県南地区で現地調査 都市軸道路の進捗などを視察(県議会土木委員会)

[2022/10/8 茨城版]
 県議会土木企業立地推進委員会(長谷川重幸委員長)は5日、県南地区で現地調査を実施した。取手市で相野谷川の河川改修事業、つくばみらい市で都市軸道路(野田牛久線)整備事業、つくば市で都市計画道路新都市中央通り線整備事業、土浦市で高度浄水処理施設整備などの視察を行った。土浦土木事務所や竜ケ崎工事事務所、県南水道事務所の担当者らから説明を受けて、各事業の進捗状況を確認した。

 調査ではまず、取手市小文間から寺田地内で進めている相野谷川の改修事業を視察。相野谷川は、常総取手線八丁橋を上流端として利根川に合流する延長約5.4kmの一級河川となる。

 流域の市街化による流出量の増加に対応するため、1979年度に改修事業に着手した。2009年度までに最下流からJR常磐線までの約2.2km区間の改修が完了。現在は、国道6号の交差部の狭あい断面を解消するため、19年度から常陸河川国道事務所と協定を締結し、相野谷川の改築を進めている。総事業費は123億0400万円と試算する。本年度は橋梁下部工事を樋管工事を進めている。

 次につくばみらい市下小目地内に移動し、都市軸道路整備事業の進捗状況を視察した。この道路は埼玉県三郷市の東京外かく環状道路(国道298号)とつくば市の国道354号を結ぶ全長約30kmの広域幹線道路。本県内の区間は千葉県境から国道354号までの約15.6kmとなる。

 このうち、守谷市大柏地内からつくばみらい市東楢戸地内の約8.4kmで事業を進めており、21年度末までに全線暫定2車線で供用を開始した。現在は4車線化の整備を進めている状況にある。

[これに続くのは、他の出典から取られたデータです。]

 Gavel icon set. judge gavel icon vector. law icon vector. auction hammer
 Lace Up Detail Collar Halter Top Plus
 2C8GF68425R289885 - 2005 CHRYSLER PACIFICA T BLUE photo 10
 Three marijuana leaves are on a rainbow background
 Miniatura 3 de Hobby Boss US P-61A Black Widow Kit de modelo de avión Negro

この道路整備により、つくばエクスプレス沿線開発地区がより強く結ばれ、将来の交通需要への対応や地域の利便性向上、地域間交流の促進などが期待されている。なお、事業進捗率は昨年度末で86%、総事業費は700億円となる。

 本年度は柳島高架橋下部工事や地盤改良工事などを実施している。今後は早期の供用を目指して、順次整備を進めていくという。

 続いて、つくば市下萱丸地内に移動し、新都市中央通り線整備事業の進捗を確認した。同線は、つくばエクスプレス沿線の開発地区である葛城地区や島名・福田坪地区、萱丸地区と研究学園都市を結び、各地区の連携強化や新たなまちづくりの促進、常磐道谷田部ICへのアクセス性向上を目的とする延長約13.6kmの幹線道路となる。

 この路線は21年度末までに約12km区間の供用を開始。事業を進めている萱丸地区は同線のミッシングリンクとなっており、この区間が供用を開始すると、つくばエクスプレス沿線の各地区が結ばれるとともに、みどりの駅周辺での交通渋滞の緩和や、生活道路への自動車混入の抑制などが期待できる。事業の進捗率は89%となり、総事業費は24億円。本年度は道路改良工事を実施している。

 最後に土浦市大岩田にある県南水道事務所に移動し、導入を進めている新しい高度浄水処理施設整備を見学した。企業局では、供給する水の品質向上や運転経費削減などの課題に対応するため、新しい高度浄水処理技術として「帯磁性イオン交換樹脂処理」と「オゾン促進酸化処理」を採択。このうち、オゾン促進酸化処理施設については、20年度から先行して整備を進めている。

 オゾン促進酸化処理は、かび臭気原因物質そのものと、オゾンと過酸化水素の強力な酸化分解力で、完全に分解する技術。なお、同技術を導入した施設は全国で初となっている。

 現在はオゾン接触池築造工事を進めている段階にある。事業費は約52億円で、進捗率は25.2%となり、23年度内の事業完了を目指している。

 今回の県内調査について、長谷川委員長は「県南地域は、県内でも発展している地域であり、各事業ともスピード感を持って進めている感想を持った。また、ICTをはじめとした新しい技術を活用して事業を進めていることを実感した」などとコメントしている。